Author: Daniel T. McKillop|February 7, 2019

Under the Equitable Doctrine of Judicial Estoppel, Parties are Precluded from Taking a Position in a Case that is Contrary to a Position it has Taken in Earlier Legal Proceedings

Judicial Estoppel Available When Defending New Jersey Spill Act Suits

Under the Equitable Doctrine of Judicial Estoppel, Parties are Precluded from Taking a Position in a Case that is Contrary to a Position it has Taken in Earlier Legal Proceedings

Under the equitable doctrine of judicial estoppel, parties are precluded from taking a position in a case that is contrary to a position it has taken in earlier legal proceedings. As explained by the Appellate Division in Cummings v. Bahr, 295 N.J. Super. 374, 387 (App. Div. 1996), “If a court has based a final decision, even in part, on a party’s assertion, that same party is thereafter precluded from asserting a contradictory position.”

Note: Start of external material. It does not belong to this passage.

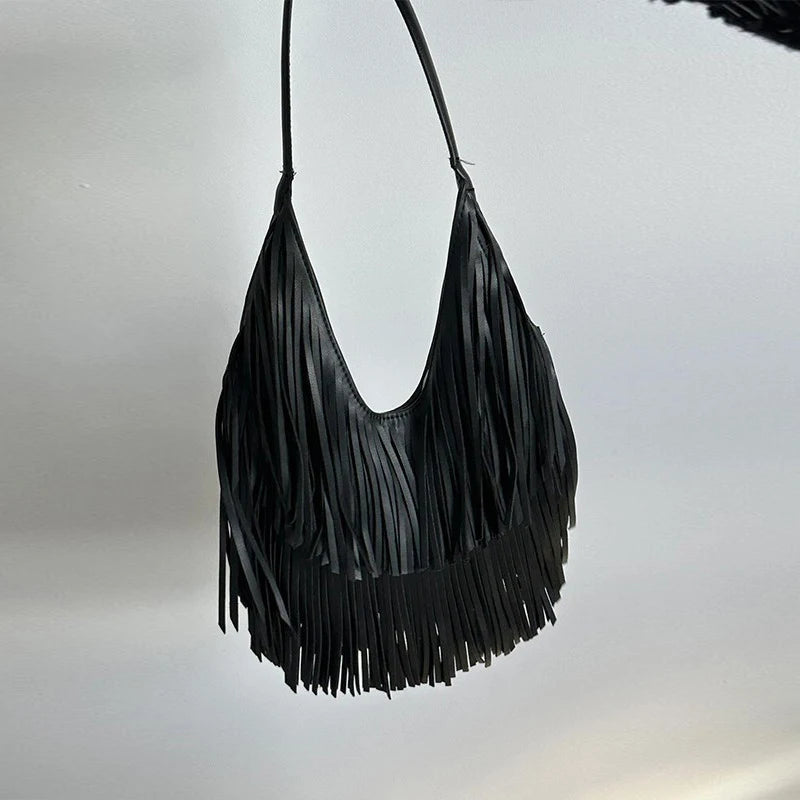 Boho Fringe Leather Hobo Shoulder Bag for Women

In Terranova et al. v. General Electric Pension Trust et al., the Appellate Division of the New Jersey Superior Court held that the doctrine of judicial estoppel precluded the owners of a gas station from seeking contribution costs under the New Jersey Spill Compensation and Control Act (Spill Act) from certain defendants because the owners had already obtained a court order holding other parties responsible for the contamination at issue.

Allegations and Defenses Raised in Terranova

In Terranova, Matthew P. Terranova, Karen L. Terranova and New Land Holdings, LLC (“Plaintiffs”), owners of a commercial property long used as a gas station, alleged that former owner-operators General Electric Pension Trust and Atlantic Richfield Company, Amerco Real Estate Company, and Charles Boris, Jr., Carol Boris and Edward Wilgucki (collectively, the “Defendants”) were liable under the Spill Act for contribution toward the cost of clean-up and removal of hazardous substances.

However, Plaintiffs had previously leased the property to Keith Friedman and Michael Puccio, who operated a gas station there from 1981 until 2008. In May 2010, Plaintiffs amended an action filed against Puccio and Friedman related to an escrow agreement, adding claims alleging Puccio’s and Friedman’s environmental contamination of the property, including one for contribution under the Spill Act.  The case went to arbitration, and based on conclusions of Plaintiffs’ expert reports, Plaintiffs were awarded $45,000 for expended remediation costs in 2012.  Friedman and Puccio were also required to take over the remediation process.  Friedman and Puccio failed to fulfill this obligation. Plaintiffs subsequently conducted further studies at the site and concluded that “soil and groundwater contamination . . . associated with the gasoline storage and handling” began on the property “on or before 1963 and continued until… 2000.” On November 10, 2015, the plaintiffs filed the present action against the Defendants based on these new conclusions.  During discovery the Defendants became aware of Plaintiffs’ initial litigation against Puccio and Friedman and filed motions for summary judgment, citing judicial estoppel.  The court agreed, finding that judicial estoppel prohibits a party from maintaining conflicting positions at different points in litigation and barred Plaintiffs’ Spill Act claims. 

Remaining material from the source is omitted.